Add a column for counting unique tuples in the data frame [duplicate] - r

This question already has answers here:
How to get frequencies then add it as a variable in an array?
(3 answers)
Closed 8 years ago.
Suppose I have the following data frame:
userID <- c(1, 1, 3, 5, 3, 5)
A <- c(2, 3, 2, 1, 2, 1)
B <- c(2, 3, 1, 0, 1, 0)
df <- data.frame(userID, A, B)
df
# userID A B
# 1 1 2 2
# 2 1 3 3
# 3 3 2 1
# 4 5 1 0
# 5 3 2 1
# 6 5 1 0
I would like to create a data frame with the same columns but with an added final column that counts up the number of unique tuples / combinations of the other columns.
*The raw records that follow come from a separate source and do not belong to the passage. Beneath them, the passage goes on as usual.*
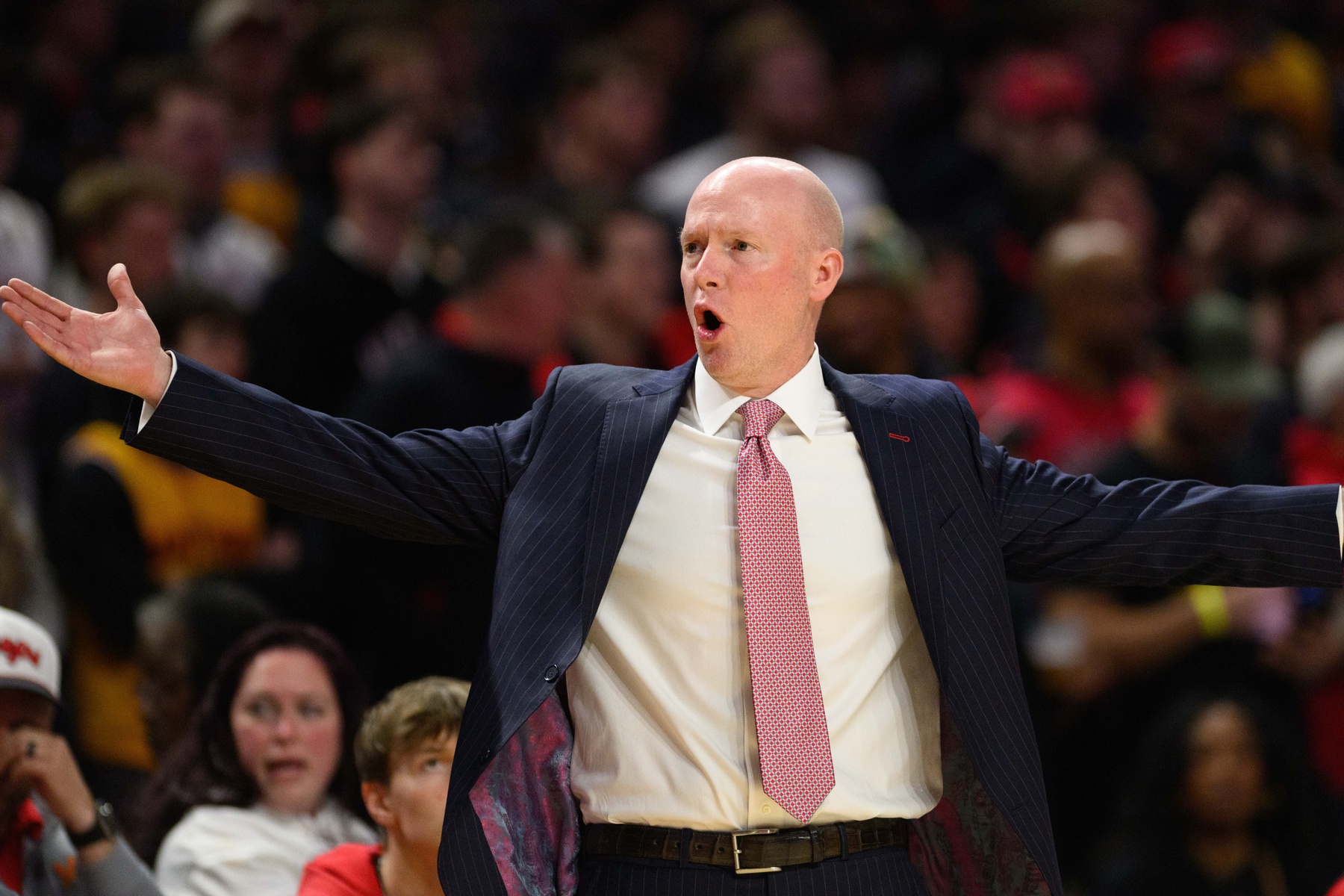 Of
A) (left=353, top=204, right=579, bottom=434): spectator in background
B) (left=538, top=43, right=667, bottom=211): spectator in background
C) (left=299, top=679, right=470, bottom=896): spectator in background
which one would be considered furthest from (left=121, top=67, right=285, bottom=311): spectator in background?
(left=299, top=679, right=470, bottom=896): spectator in background

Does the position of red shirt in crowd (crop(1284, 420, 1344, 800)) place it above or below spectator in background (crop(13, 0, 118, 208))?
below

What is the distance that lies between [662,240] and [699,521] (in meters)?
3.91

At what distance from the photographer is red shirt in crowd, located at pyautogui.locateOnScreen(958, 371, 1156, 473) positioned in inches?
229

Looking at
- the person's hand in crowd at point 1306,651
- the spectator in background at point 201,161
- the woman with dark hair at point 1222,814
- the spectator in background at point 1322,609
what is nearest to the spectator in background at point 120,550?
the spectator in background at point 201,161

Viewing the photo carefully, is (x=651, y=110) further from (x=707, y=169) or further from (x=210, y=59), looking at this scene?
(x=210, y=59)

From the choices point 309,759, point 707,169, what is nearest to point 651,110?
point 707,169

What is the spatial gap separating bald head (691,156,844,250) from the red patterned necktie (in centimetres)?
42

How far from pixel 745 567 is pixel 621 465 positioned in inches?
10.6

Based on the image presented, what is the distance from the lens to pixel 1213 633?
18.9 ft

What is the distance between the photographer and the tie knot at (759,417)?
9.97 ft

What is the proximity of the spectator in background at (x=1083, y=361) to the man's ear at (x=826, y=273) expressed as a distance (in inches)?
113

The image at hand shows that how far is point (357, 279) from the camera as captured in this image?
607 centimetres

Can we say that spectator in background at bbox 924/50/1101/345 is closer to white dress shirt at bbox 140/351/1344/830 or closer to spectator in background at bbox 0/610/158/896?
white dress shirt at bbox 140/351/1344/830

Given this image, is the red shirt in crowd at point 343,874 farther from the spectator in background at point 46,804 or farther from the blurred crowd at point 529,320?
the spectator in background at point 46,804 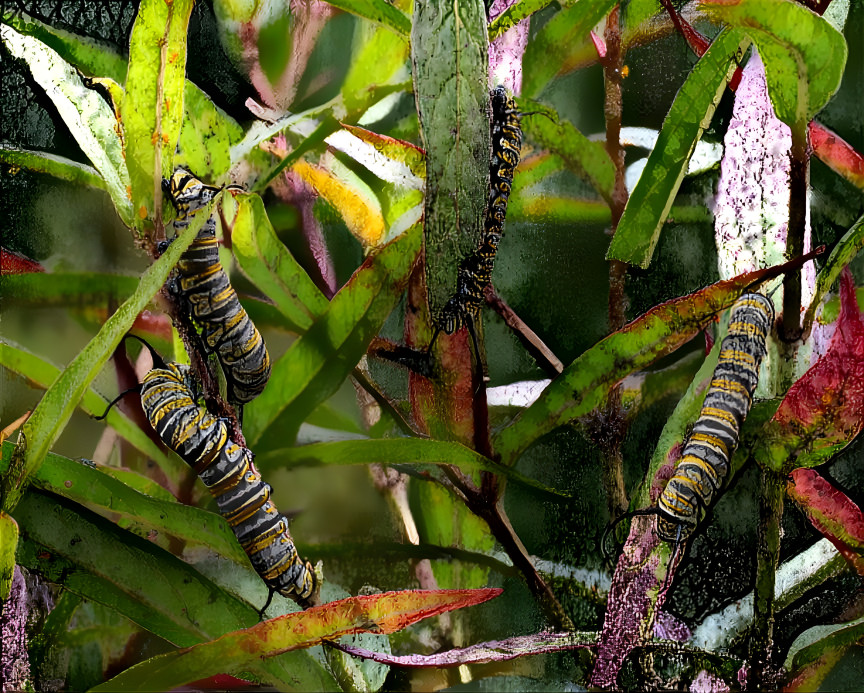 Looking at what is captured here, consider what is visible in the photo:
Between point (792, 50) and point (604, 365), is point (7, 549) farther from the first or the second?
point (792, 50)

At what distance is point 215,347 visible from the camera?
846mm

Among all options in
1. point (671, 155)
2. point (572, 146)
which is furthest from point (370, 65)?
point (671, 155)

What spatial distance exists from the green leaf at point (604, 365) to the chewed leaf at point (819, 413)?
151 mm

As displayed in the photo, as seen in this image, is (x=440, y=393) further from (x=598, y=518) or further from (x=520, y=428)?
(x=598, y=518)

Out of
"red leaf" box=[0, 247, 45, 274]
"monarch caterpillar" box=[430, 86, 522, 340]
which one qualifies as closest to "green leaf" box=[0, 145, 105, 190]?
"red leaf" box=[0, 247, 45, 274]

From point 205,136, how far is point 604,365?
1.81 feet

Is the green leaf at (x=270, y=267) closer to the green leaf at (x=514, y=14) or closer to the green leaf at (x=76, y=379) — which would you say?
the green leaf at (x=76, y=379)

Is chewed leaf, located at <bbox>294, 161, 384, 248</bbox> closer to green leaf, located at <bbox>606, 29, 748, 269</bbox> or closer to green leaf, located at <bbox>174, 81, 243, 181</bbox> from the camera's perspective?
green leaf, located at <bbox>174, 81, 243, 181</bbox>

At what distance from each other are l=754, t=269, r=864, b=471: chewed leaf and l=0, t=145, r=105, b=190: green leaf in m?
0.87

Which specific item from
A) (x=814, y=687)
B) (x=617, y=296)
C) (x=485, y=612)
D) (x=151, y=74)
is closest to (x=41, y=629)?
(x=485, y=612)

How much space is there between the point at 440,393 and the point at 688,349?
0.31m

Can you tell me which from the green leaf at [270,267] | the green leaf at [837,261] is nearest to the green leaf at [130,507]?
the green leaf at [270,267]

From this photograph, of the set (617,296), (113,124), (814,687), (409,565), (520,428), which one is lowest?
(814,687)

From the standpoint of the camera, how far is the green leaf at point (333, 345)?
86cm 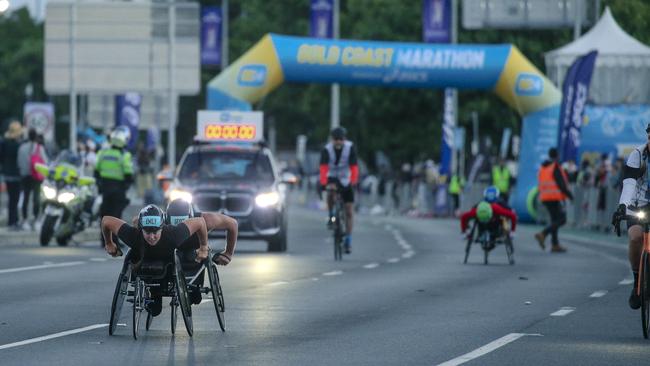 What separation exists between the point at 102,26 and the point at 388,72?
273 inches

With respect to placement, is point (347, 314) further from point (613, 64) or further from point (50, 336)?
point (613, 64)

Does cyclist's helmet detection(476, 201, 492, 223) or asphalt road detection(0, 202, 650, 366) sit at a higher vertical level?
cyclist's helmet detection(476, 201, 492, 223)

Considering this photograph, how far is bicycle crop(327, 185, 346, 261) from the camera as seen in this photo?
26984mm

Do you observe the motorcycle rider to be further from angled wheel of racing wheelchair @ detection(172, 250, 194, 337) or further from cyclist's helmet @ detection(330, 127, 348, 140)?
angled wheel of racing wheelchair @ detection(172, 250, 194, 337)

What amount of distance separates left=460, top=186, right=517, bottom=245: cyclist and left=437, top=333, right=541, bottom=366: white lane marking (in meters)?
11.7

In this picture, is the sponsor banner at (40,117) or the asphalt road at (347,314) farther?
the sponsor banner at (40,117)

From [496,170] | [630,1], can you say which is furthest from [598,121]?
[630,1]

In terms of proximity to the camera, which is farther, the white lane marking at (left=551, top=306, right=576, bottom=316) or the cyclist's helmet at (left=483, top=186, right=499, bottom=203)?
the cyclist's helmet at (left=483, top=186, right=499, bottom=203)

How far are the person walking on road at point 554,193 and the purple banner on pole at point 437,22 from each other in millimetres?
26001

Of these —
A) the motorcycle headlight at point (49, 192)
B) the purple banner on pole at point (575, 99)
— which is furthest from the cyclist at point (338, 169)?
the purple banner on pole at point (575, 99)

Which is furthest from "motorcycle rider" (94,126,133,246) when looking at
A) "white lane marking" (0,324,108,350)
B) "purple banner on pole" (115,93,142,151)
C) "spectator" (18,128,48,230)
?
"purple banner on pole" (115,93,142,151)

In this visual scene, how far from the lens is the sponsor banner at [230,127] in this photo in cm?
3120

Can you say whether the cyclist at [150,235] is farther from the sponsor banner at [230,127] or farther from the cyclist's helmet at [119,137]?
the sponsor banner at [230,127]

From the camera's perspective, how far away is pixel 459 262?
27562mm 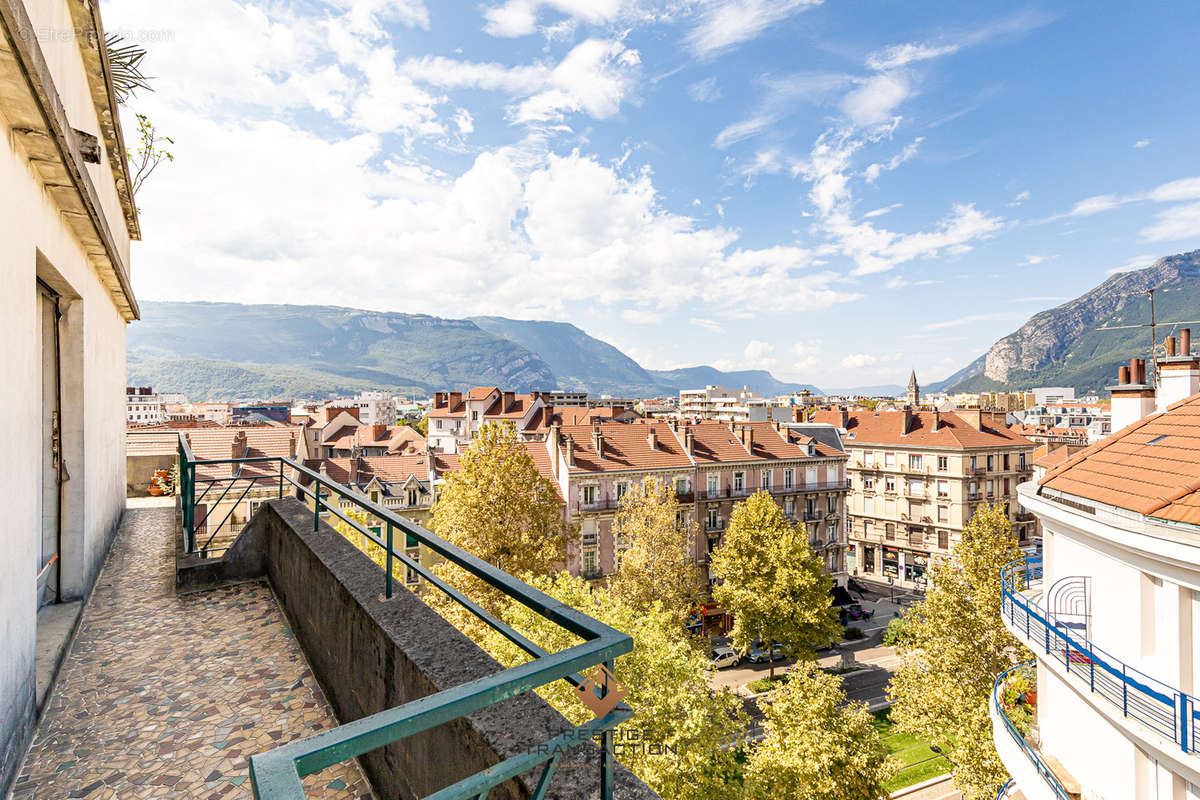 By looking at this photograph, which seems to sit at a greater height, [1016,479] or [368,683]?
[368,683]

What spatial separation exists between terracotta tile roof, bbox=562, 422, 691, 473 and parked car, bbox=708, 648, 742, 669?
1004 centimetres

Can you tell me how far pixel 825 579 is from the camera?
2456cm

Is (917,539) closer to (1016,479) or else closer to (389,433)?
(1016,479)

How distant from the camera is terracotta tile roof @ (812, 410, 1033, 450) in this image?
41000 millimetres

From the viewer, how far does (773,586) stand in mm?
23516

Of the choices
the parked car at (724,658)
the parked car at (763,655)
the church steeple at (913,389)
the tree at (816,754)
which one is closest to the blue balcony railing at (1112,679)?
the tree at (816,754)

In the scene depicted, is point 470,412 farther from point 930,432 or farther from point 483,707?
point 483,707

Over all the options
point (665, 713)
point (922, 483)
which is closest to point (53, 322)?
point (665, 713)

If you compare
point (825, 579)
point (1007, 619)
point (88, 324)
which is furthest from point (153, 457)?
point (825, 579)

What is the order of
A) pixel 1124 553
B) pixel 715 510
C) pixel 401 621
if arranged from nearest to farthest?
Result: pixel 401 621 < pixel 1124 553 < pixel 715 510

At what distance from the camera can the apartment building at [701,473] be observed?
3022cm

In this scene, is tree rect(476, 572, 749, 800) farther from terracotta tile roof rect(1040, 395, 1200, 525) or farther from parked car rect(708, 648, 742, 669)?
parked car rect(708, 648, 742, 669)

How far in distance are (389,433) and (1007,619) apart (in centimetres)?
6638

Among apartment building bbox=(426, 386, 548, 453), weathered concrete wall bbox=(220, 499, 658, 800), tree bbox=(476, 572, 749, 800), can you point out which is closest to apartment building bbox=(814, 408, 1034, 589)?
tree bbox=(476, 572, 749, 800) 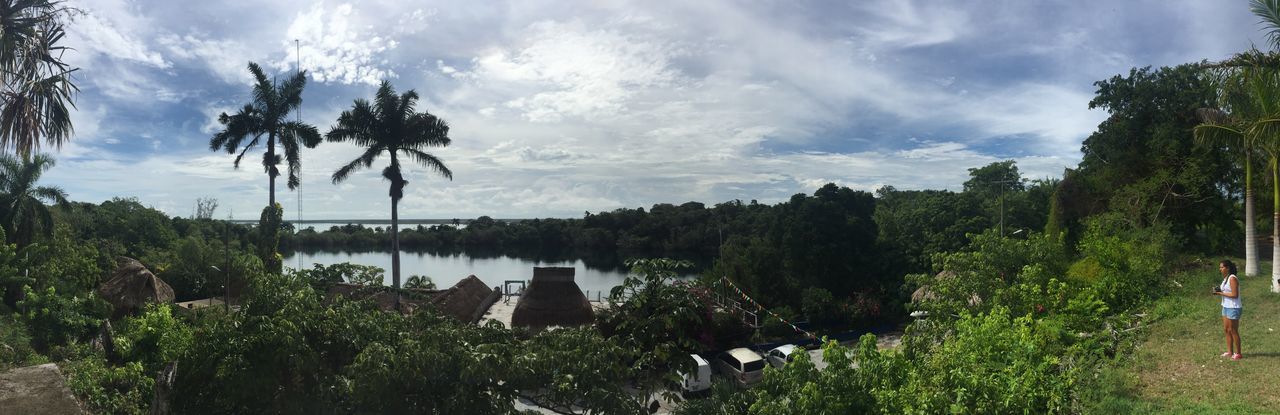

The output should look like the following:
userID A B count
1 2 2 1
1 3 3 1
3 2 1 2
5 1 0 2
The meaning is the the tuple / combination of (1, 2, 2) occurs with count=1, while the tuple of (3, 2, 1) occurs twice so has count=2. I would prefer not to use any external packages.

1) aggregate
ag <- aggregate(count ~ ., cbind(count = 1, df), length)
ag[do.call("order", ag), ] # sort the rows
giving:
userID A B count
3 1 2 2 1
4 1 3 3 1
2 3 2 1 2
1 5 1 0 2
The last line of code which sorts the rows could be omitted if the order of the rows is unimportant.
The remaining solutions use the indicated packages:
2) sqldf
library(sqldf)
Names <- toString(names(df))
fn$sqldf("select *, count(*) count from df group by $Names order by $Names")
giving:
userID A B count
1 1 2 2 1
2 1 3 3 1
3 3 2 1 2
4 5 1 0 2
The order by clause could be omitted if the order is unimportant.
3) dplyr
library(dplyr)
df %>% regroup(as.list(names(df))) %>% summarise(count = n())
giving:
Source: local data frame [4 x 4]
Groups: userID, A
userID A B count
1 1 2 2 1
2 1 3 3 1
3 3 2 1 2
4 5 1 0 2
4) data.table
library(data.table)
data.table(df)[, list(count = .N), by = names(df)]
giving:
userID A B count
1: 1 2 2 1
2: 1 3 3 1
3: 3 2 1 2
4: 5 1 0 2
ADDED additional solutions. Also some small improvements.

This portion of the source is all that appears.